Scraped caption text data

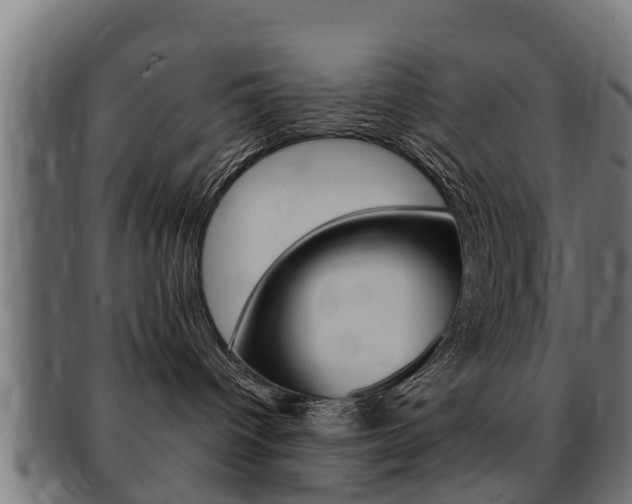 X0000091980096200709061201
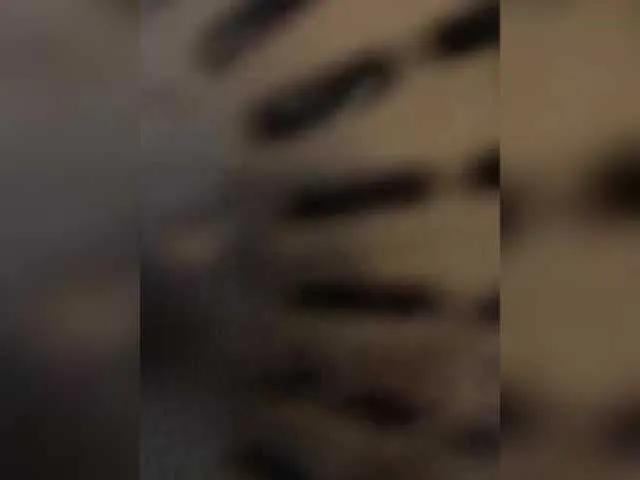 Offline Marinade on BongaCams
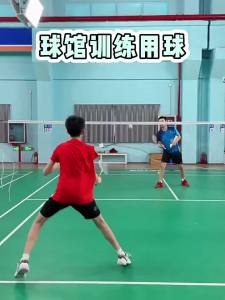 Victor | Golden Colored Competition Badminton 12 Pieces
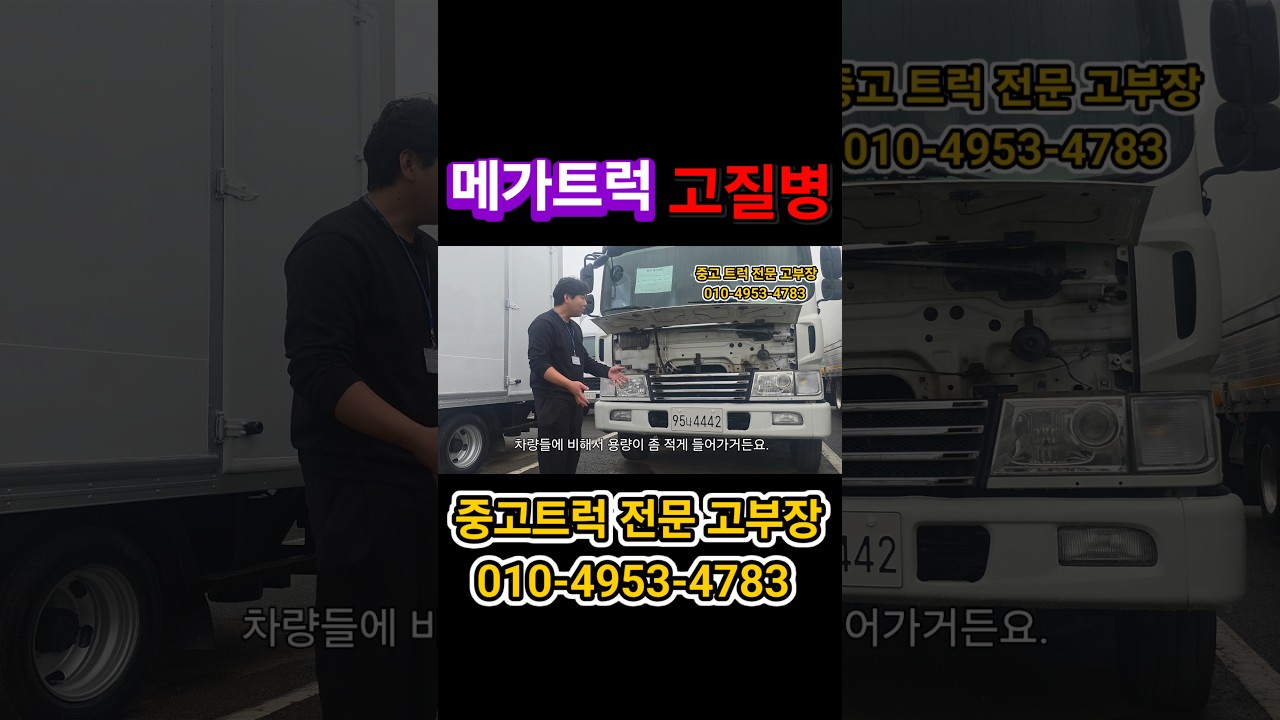 메가트럭 고질병 뭐가 있을까?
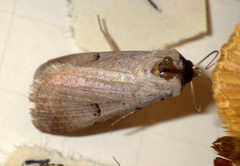 Lygephila craccae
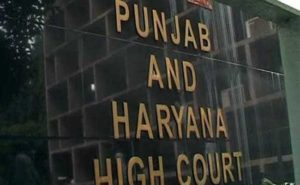 Panchayat Elections 2018 :  Punjab & Haryana HC directs dismissed candidates to give representation again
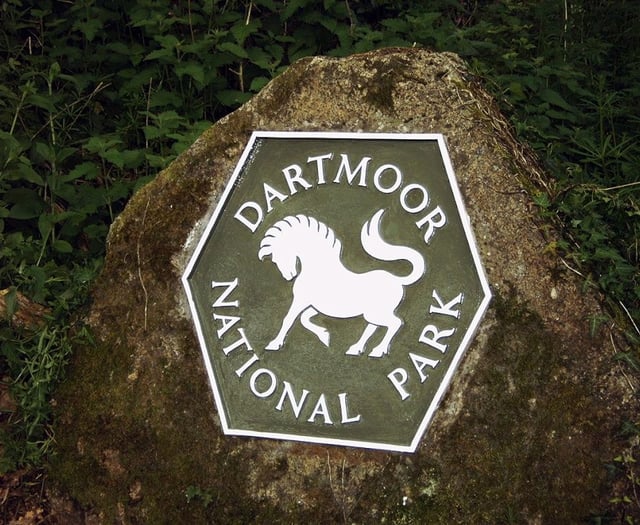 Dartmoor's Ranger Ralph Club for children gets creative to help birds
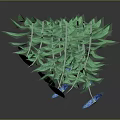 Lush Indoor Plant With Vibrant Green Leaves And Blue Decorative Base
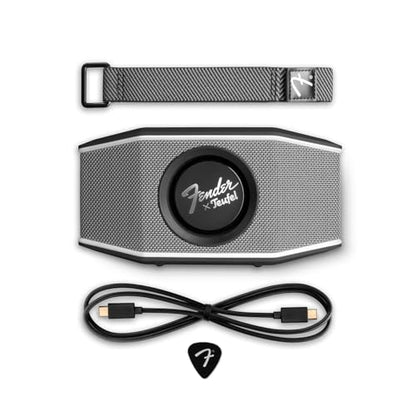 Teufel Fender x ROCKSTER GO 2 Portable Bluetooth Speaker | Powerful Sound, Rugged, Waterproof, 28 Hour Battery, Carrying Strap for Outdoors and Travel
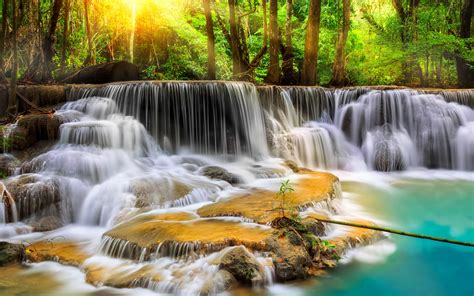 Thailand Forest Trees Waterfalls Stream Wallpaper Nature And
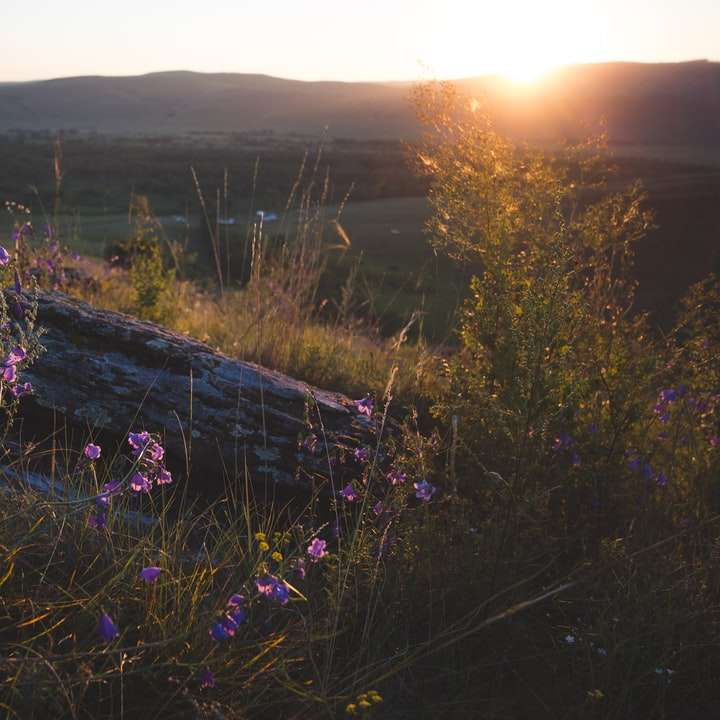 фиолетовое цветочное поле во время заката онлайн-пазл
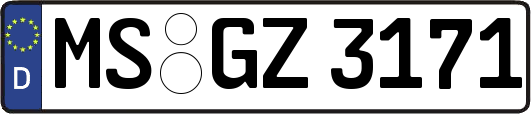 MS-GZ3171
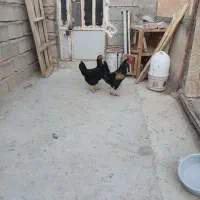 مرغ وخروس|حیوانات مزرعه|چگنی, |دیوار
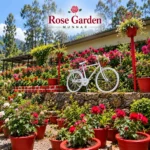 Rose Garden Munnar 2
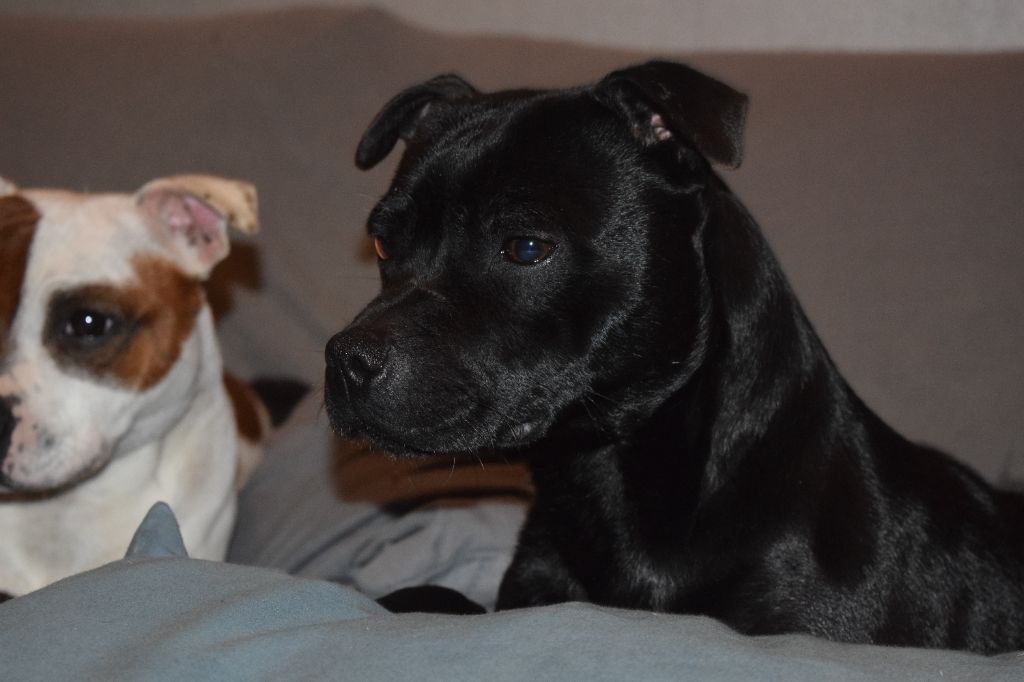 Dimteamdogz Peppa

#### Try it
Exactly the lines from the line containing "Panchayat Elections 2018" to the end of the records need to be copied, both ends included, with pictures left out.

#### Answer section
 Panchayat Elections 2018 :  Punjab & Haryana HC directs dismissed candidates to give representation again
 Dartmoor's Ranger Ralph Club for children gets creative to help birds
 Lush Indoor Plant With Vibrant Green Leaves And Blue Decorative Base
 Teufel Fender x ROCKSTER GO 2 Portable Bluetooth Speaker | Powerful Sound, Rugged, Waterproof, 28 Hour Battery, Carrying Strap for Outdoors and Travel
 Thailand Forest Trees Waterfalls Stream Wallpaper Nature And
 фиолетовое цветочное поле во время заката онлайн-пазл
 MS-GZ3171
 مرغ وخروس|حیوانات مزرعه|چگنی, |دیوار
 Rose Garden Munnar 2
 Dimteamdogz Peppa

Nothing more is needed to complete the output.